Aun no siendo muy aficionado a lecturas papales, de vez en cuando a uno le viene la tentación y se detiene en ellas. A una de las últimas encíclicas -quizá la última- del anterior inquilino de la sede de Dios en la tierra, titulada «Fides et Ratio» (la sombra de Agustín de Tagaste es alargadísima) […]
Aun no siendo muy aficionado a lecturas papales, de vez en cuando a uno le viene la tentación y se detiene en ellas. A una de las últimas encíclicas -quizá la última- del anterior inquilino de la sede de Dios en la tierra, titulada «Fides et Ratio» (la sombra de Agustín de Tagaste es alargadísima) le dediqué una lectura y algún comentario, cuando allá se alertaba contra los peligros del relativismo postmoderno que arrojaban a la humanidad directamente al desastre y a la barbarie; posteriormente también me detuve en un libro en el que dos -supuestos- filósofos polacos entrevistaban a su compatriota universal y ecuménico. Recuerdo que allá Juan Pablo II echaba la culpa de todos los desmanes habidos -y por haber- a la soberbia fomentada por Descartes y los ilustrados al haber otorgado plenos poderes a la razón, con lo que olvidaban el poder del altísimo sobre la razón humana (¿hay otra?).
El sucesor del Papa mediático, destacado teólogo integrista y fiel custodio de la Congregación de la Fe -cuando se le conocía como cardenal Ratzinger-, no anduvo a la zaga a su predecesor a la hora de reincidir en la condena de las pretensiones cartesianas e ilustradas, que dejaban sin lugar a Dios y así desasistidos a los humanos, mostrando así desde que fuese nombrado Benedicto XVI el camino que iba a seguir. Baste con ver sus debates con algunos filósofos que se prestaron a ello, especialmente el comunicativo Habermas, para confirmar lo que digo. Respecto a los temas, digamos, morales… la más pura pureza inquisitorial, ¡nada de medias tintas!
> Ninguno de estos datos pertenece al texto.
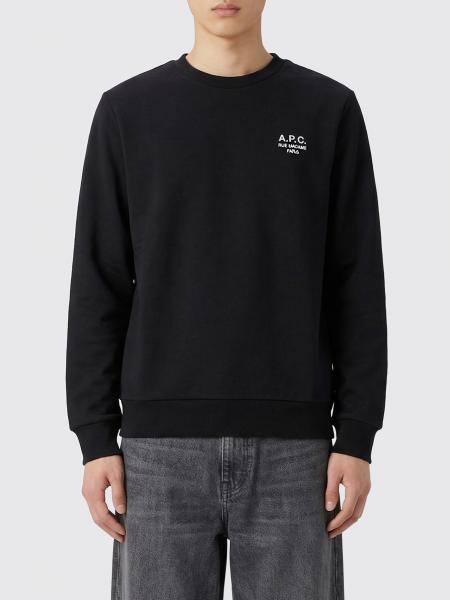 Cotton Crew-Neck Sweatshirt with Logo A.P.C.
Yme pregunto ¿qué dirá el santo padre que vive en Roma? Entre dos ediciones (la de la BAC y la de San Pablo) elijo la segunda ya que cuesta veinte céntimos menos que la otra. Las encíclicas, a decir verdad, son baratas(2,40 euros). Quizá es que están subvencionadas por el mismísimo cielo. ¡Así cualquiera!
Desde que abro el librito veo en marcha la tricotosa papal, la apropiada para tejer encíclicas, alimentada por el santoral y por los textos evangélicos y santos del canon católico. Y así las afirmaciones santas se ven convertidas por arte de birlibirloque en demostraciones, comprobaciones, pruebas, presencia y realidad. Afirmación fuerte inicial que se mantiene hasta el fin en «Spe Salvi» (salvados en la esperanza) es que Dios al entregarse a los humanos por medio de Cristo nos dio la fe y la esperanza en la salvación, sin ello andaría la humanidad a oscuras y sin rumbo. Prosigue la deriva papal haciendo hincapié en la seguridad en el futuro que brota con la fe y la esperanza, a falta de lo cual el desánimo se apodera de los seres indefensos que somos los humanos. Recuerdo una frase de Hermann Hesse que afirmaba que la inseguridad provoca neurosis, para añadir a continuación que el exceso de seguridad provoca más neurosis todavía… y si se me permite me atrevo a añadir que provoca hasta psicosis, pues hace vivir un mundo que no existe; y dejaré de lado los diagnósticos freudianos acerca de la religión como «ilusión infantil», como «tesoro de representaciones alucinatorias para hacer más soportables los desaguisados humanos», como «doctrinas que se sustraen a las reivindicaciones de la razón, ya que están por encima de ella» con los peligros que ello conlleva de acabar abocados al más cerril de los fanatismos, etc.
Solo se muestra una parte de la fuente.